[Collection entries]
■ ■ ■ ■

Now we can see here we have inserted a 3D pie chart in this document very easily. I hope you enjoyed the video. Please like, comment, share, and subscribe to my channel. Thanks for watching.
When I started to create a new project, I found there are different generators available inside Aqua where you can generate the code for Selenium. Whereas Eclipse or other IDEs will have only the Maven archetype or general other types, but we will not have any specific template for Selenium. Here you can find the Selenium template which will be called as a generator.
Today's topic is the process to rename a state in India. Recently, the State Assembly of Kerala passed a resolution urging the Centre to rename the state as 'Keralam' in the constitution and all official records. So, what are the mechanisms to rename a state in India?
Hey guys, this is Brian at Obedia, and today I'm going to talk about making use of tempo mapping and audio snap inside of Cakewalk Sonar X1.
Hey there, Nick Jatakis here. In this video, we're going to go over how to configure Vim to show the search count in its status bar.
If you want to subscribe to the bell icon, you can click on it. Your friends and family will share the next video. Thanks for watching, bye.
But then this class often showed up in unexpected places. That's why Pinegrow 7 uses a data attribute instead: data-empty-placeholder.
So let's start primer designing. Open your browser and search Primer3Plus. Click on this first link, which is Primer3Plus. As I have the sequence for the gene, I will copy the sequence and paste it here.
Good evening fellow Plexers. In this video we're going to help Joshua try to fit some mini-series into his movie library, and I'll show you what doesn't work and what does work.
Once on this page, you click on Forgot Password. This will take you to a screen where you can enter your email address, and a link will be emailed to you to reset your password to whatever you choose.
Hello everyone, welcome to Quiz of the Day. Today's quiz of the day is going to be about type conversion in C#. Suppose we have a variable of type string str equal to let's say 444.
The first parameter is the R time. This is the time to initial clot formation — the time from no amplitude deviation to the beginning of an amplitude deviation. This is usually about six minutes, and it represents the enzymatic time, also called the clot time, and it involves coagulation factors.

■ ■ ■ ■

## Requirement:
Return only what runs from the line containing "Once on this" to the last line of the records above, both ends included, exactly as written.

## Answer for this exercise:
Once on this page, you click on Forgot Password. This will take you to a screen where you can enter your email address, and a link will be emailed to you to reset your password to whatever you choose.
Hello everyone, welcome to Quiz of the Day. Today's quiz of the day is going to be about type conversion in C#. Suppose we have a variable of type string str equal to let's say 444.
The first parameter is the R time. This is the time to initial clot formation — the time from no amplitude deviation to the beginning of an amplitude deviation. This is usually about six minutes, and it represents the enzymatic time, also called the clot time, and it involves coagulation factors.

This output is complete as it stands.